PROVIDED INFORMATION:
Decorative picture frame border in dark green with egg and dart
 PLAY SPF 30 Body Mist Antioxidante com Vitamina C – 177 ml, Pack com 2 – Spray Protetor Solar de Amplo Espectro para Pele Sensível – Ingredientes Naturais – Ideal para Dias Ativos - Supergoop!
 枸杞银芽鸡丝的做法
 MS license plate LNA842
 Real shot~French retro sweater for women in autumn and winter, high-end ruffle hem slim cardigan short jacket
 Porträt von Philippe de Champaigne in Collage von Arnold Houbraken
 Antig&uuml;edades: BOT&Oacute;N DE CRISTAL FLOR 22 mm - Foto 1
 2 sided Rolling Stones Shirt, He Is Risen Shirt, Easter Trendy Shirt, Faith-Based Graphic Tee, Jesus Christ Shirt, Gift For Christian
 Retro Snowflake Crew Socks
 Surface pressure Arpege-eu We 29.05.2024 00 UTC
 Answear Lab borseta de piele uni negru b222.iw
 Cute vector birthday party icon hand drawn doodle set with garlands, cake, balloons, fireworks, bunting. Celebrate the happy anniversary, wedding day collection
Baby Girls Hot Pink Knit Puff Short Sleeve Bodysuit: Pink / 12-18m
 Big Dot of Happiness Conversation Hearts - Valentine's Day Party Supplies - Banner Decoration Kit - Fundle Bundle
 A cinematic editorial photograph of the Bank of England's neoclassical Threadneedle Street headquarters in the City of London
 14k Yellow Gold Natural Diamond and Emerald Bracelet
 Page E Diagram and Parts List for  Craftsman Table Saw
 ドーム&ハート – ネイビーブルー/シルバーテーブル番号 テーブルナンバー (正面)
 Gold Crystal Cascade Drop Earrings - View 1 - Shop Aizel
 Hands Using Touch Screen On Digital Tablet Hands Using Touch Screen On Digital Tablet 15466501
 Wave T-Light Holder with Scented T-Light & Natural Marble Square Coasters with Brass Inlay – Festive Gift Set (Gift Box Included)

DIRECTIONS FOR THIS TASK:
The result should consist solely of the lines from the one that contains "ドーム&ハート – ネイビーブルー/シルバーテーブル番号 テーブルナンバー (正面)" to the last line of the records above, reproduced exactly.

REPLY TO THE TASK:
 ドーム&ハート – ネイビーブルー/シルバーテーブル番号 テーブルナンバー (正面)
 Gold Crystal Cascade Drop Earrings - View 1 - Shop Aizel
 Hands Using Touch Screen On Digital Tablet Hands Using Touch Screen On Digital Tablet 15466501
 Wave T-Light Holder with Scented T-Light & Natural Marble Square Coasters with Brass Inlay – Festive Gift Set (Gift Box Included)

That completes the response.